Mr. Del Toro seemed confident the Americans would be welcome in Olongapo, the once-brawling base town where the Navy was the biggest source of jobs and income. The last American sailors had to leave in November 1992 after the Philippine congress refused to renew the lease on the American bases, including not only the Navy base at Subic Bay but also Clark Air Base, across mountains.
American destroyers returned for occasional port calls and exercises, but the previous Philippine president, Rodrigo Dutergte, stopped even that much interaction while currying favor with China’s president, Xi Jinping. Mr. Duterte believed in getting on the good side of the Chinese while they controlled the South China Sea, which they claim as their own.
That impasse is disappearing under the new president, Ferdinand “Bongbong” Marcos Jr., elected in a landslide last May. Bongbong, as he is widely known, is the son of the late Ferdinand Marcos, whom the Americans flew to Hawaii along with his profligate widow, Imelda, and their family and cronies after the People Power Revolution that drove Marcos out of power in 1986.
Mr. Marcos Jr. was on that getaway flight from Clark Air Base but is welcoming the Americans back to their old haunts, and bases, after meeting President Biden at New York in September.

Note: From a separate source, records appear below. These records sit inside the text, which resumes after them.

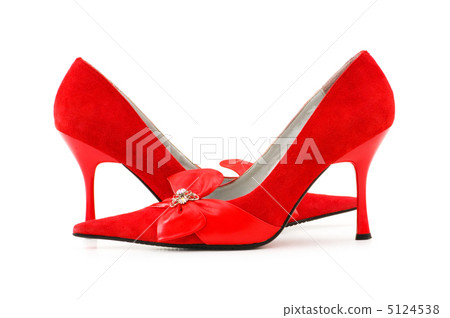 Woman shoes isolated on the white background Woman shoes isolated on the white background 5124538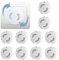 JchEnye Steckdosen-Kindersicherung - 10er-Pack zum Einstecken, Steckdosenschutz, kindersicher steckbar, kindersichere Steckdose, steckdosensicheres Baby, Steckdosenabdeckung, weiß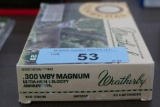 20 rds Weatherby 300 Wby Mag Ammo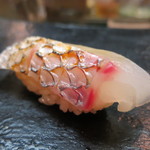 日本橋橘町　都寿司 - 鯛握り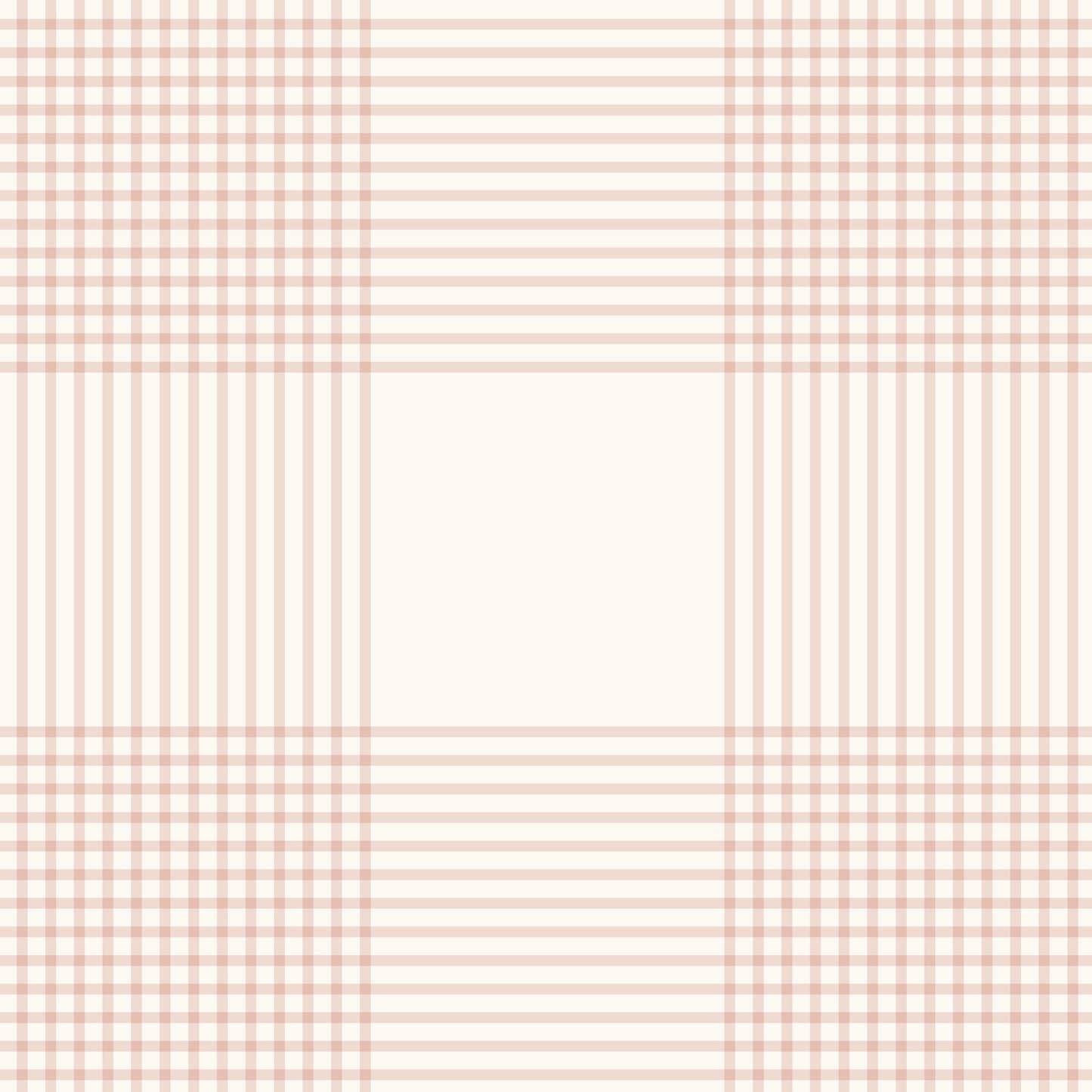 Vintage Gingham Wallpaper in Soft Pink in a closeup view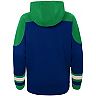 Youth Blue Vancouver Canucks Ageless Must-Have Lace-Up Pullover Hoodie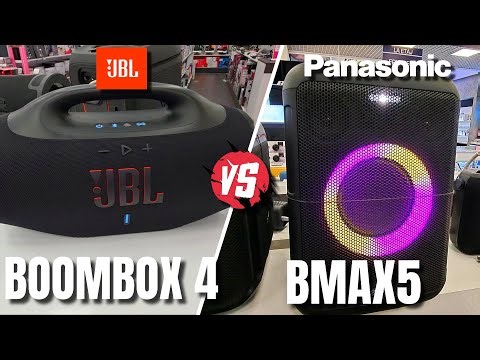 🔥JBL BOOMBOX 4 VS PANASONIC BMAX5 FIRST Sound Comparison on YOUTUBE🔥
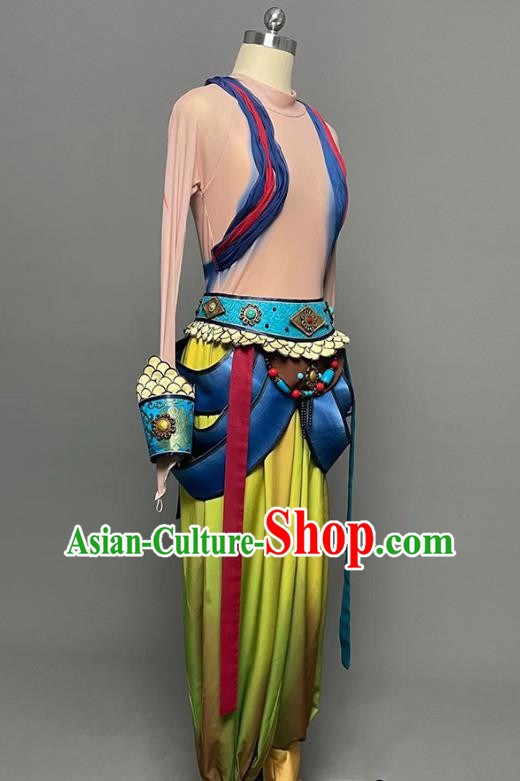 Classical Dance Wall Covered Lotus Awards Dance Costumes Qiuci Music And Dance Chinese Dance Costumes Stage Performance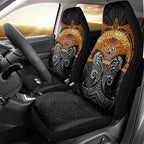 Personalized Wests Tigers Car Seat Cover Polynesian Tribal Pattern Style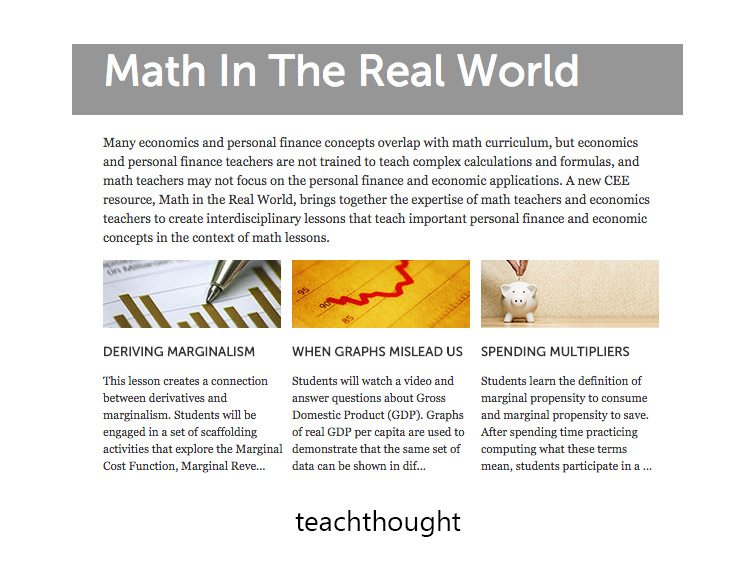 Math In The Real World: 400 Examples, Lessons, & Resources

In one of the paradoxes that characterizes American relations abroad, Washington has no concerns about cozying up to the Marcos family again if that’s what it takes to buttress defenses in Asia.
Mr. Del Toro, in his remarks to me, indicated the American presence would be “much smaller,” but the Americans would definitely return to Subic and several other bases on more than just port calls.
The Philippines, if it is to stop Chinese vessels from harassing Philippine fishing boats, need all the support it can get from the Americans. The question is whether Washington would be willing to risk what could turn into armed clashes with Chinese planes and ships operating from bases it has constructed on the Spratly Islands in the middle of the South China Sea.
The Americans, Mr. Del Toro said in his talk, intend to “build more interoperability and more changeability” — meaning they will remain flexible and poised to shift course depending on the Chinese response.
No doubt we can expect American warships to be operating in tandem with Philippine vessels, none of which is really capable of facing the Chinese. Right now the likeliest option is for the Americans to go on joint patrols with the Philippine coast guard.
The Americans, whenever they return to Subic Bay and other bases, will be both welcomed and rejected. Filipinos have mixed memories of the hordes of sailors who once filled the clubs and shops of Olongapo.
A vast shopping area has sprung up on the site of the former base, but the last time this reporter was there the ground was overrun with weeds and the stores were not doing well. A number of grizzled American Navy veterans are living their retirement years in and around the city, many of them married to Filipino women.
The Americans will doubtless move into separate facilities close to the docks where Navy ships once were moored. “We’ll be there,” Mr. Del Toro assured me — if not quite the same as before.